В это время в Вене как раз шел судебный процесс над лидером австрийских коммунистов Иоганном Копленигом, обвиненным в организации нападения на Дворец юстиции в июле 1927 года. Речь идет об одной из самых трагических страниц в истории Австрии, когда после оправдания активистов профашистского движения «Хеймвер», убивших женщину с ребенком, в городе вспыхнули демонстрации и массовые беспорядки. В ходе их подавления полицией 89 человек были убиты и сотни получили ранения.
Вена продолжала бурлить, политические схватки между коммунистами, социал-демократами, национал-социалистами, сторонниками христианско-социальной партии достигли крайнего напряжения. На фоне социальных, политических и экономических неурядиц в Австрии в целом и в Вене в особенности усилился антисемитизм. Австрийские фашисты избивали евреев на улицах, срывали лекции еврейских профессоров в университетах, сеяли в столице атмосферу террора и страха.

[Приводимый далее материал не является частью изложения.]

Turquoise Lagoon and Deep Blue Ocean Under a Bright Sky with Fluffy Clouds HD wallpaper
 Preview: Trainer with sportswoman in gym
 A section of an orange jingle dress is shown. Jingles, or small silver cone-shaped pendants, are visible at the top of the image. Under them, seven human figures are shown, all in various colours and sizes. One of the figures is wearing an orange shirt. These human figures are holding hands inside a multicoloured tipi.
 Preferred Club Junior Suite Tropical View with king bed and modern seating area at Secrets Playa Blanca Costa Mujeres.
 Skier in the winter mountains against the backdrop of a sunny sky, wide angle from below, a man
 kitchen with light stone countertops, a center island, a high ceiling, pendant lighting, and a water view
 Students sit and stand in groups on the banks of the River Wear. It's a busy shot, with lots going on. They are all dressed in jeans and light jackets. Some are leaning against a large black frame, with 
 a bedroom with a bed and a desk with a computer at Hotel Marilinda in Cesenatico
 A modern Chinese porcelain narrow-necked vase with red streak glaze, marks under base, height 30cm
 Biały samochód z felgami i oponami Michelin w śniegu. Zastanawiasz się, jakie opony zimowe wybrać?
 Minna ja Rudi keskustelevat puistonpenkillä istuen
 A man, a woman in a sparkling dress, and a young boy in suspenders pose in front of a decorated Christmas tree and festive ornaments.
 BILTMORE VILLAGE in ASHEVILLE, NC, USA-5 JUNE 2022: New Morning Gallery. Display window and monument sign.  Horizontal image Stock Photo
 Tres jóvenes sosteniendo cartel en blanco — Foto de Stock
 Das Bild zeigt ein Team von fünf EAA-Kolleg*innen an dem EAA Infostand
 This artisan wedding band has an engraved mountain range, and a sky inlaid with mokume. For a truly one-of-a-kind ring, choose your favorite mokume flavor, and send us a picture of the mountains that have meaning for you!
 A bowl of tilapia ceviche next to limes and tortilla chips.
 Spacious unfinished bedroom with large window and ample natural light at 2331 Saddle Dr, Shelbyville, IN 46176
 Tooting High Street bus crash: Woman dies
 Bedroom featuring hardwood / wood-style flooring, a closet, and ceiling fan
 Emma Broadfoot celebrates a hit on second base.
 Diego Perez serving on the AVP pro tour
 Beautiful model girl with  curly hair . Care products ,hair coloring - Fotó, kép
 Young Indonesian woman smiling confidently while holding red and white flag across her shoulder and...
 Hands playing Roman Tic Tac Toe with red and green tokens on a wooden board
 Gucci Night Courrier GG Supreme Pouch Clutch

Фрейд, мягко говоря, слабо разбиравшийся в политике, был совершенно растерян происходящим и в своей полной политической слепоте возлагал надежды на воссоединение Австрии с Германией и торжество «немецкого духа», под которым он понимал исключительно «дух Гёте». «Вена катится в пропасть и может погибнуть, если мы не добьемся знаменитого аншлюса», — писал Фрейд в конце 1928 года племяннику Сэму. Правда, Пол Феррис замечает, что дело было не в том, что он совсем не видел опасности прихода в Германии к власти нацистов. Просто, как большинство австрийских и немецких евреев, Фрейд верил, что немецкая духовность и немецкий здравый смысл не допустят такого развития событий.
Можно ли винить Фрейда за эту близорукость? Вряд ли, ибо так тогда рассуждали многие немецкие интеллигенты, а Фрейд, как мы уже говорили, за вычетом своей гениальности в области трактовки человеческой психики, был самым заурядным обывателем.